(1)作家論の論理的瑕疵
A「作家論なんてやってる奴は「それ以外」の方法を知らないか、知っていても能力的にできないだけ。発想がひんこんで洞察力がないので、既存の読み方をもってくるしかないし、バカの一つ覚えみたいに近似解を何度も何度も導くことに疑問すらもたない。答えが一つだと安心できるのもポイント高い」
A「なにより「作家-作品」のつながりを持たせるために、作品内部のファクトを重視するわけだけど、ファクトをもってして到達できる見解ならばそこに"作家"という情報は必要か?ないだろ。逆にファクトを蔑ろにして「作家-作品」を結びつけるならばそいつの妄想でしかない。つまり作家論ってのはどっちに転んでも役立たずなわけだ。この問題に彼らはどう付き合ってるんだろうね」
――付き合うもなにも気づけないからやってんでしょ? と私なんかは思うわけですが、おそらく深淵な理由があるのでしょう。
以前「こいつの作品には絶対善しかでてこない!この作家のフリートーク、日常ツイートを見れば分かるように多様な視点が欠けている!!!!」というあまりの脳のキレッキレ具合に失笑してしまったことがありましたが、あるのでしょう。奥深い理由が。
楽しければいいじゃないか
おそらく彼らの答えはこれしかない。
"楽しければいいじゃないか"。矛盾を抱えていても、なにも生み出せないとしても、ボクが楽しいんだからいいじゃないか。倫理的な問題があろうと、妄想で作者を切り刻もうともいいじゃないか。
作家論は作家を解剖するものであって作品を紐解いているわけじゃないと蹴り上げられようとも、文学史の最初期で否定されたとしても*1、それでいいじゃないか。ボクが面白いんだから!ボクが親善大使だっ!!!
――という結論にしか到れないのは、論理的に、倫理的にもその問題を超えられず開き直るしかないからだ。そしてその作家論を彼ら自身に向けたとたん、怒り始めるんだからどうしようもないよネ。それだけこれはゲスい行為なんだって自覚してもよさそうだけど。
もちろん数多の批評行為はどれも瑕疵があるし、これぞ究極のものなんてはありはしない。

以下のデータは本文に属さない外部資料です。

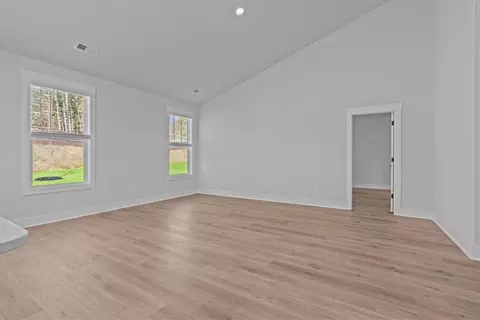 Living - 426 Briggs Dr, Easley, SC 29642 photo 2 of 3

しかし作家論はどれと比べてもほんとうにそのポテンシャルはないし、作品の新しい視点を切り開くわけでも、新奇的な価値観を見出すわけでもない。切り開くのはあくまでも"作家"ね。作品じゃない。なにより、作家への妄想をさも事実のように語るからタチが悪いわけ。
それでも楽しいからいいじゃないか!――というプリミティブな欲求に対して何も言えることはないので、では私自身それをやってみて、それが一体全体どのように映るのかを見ていきたい。
というのが本記事の目的である。
(2)MBTIでレッツ作家論!
アルゴリズムを抽出するタイプは以前に否定したので、今回はとりわけ未熟な型を試そうと思う。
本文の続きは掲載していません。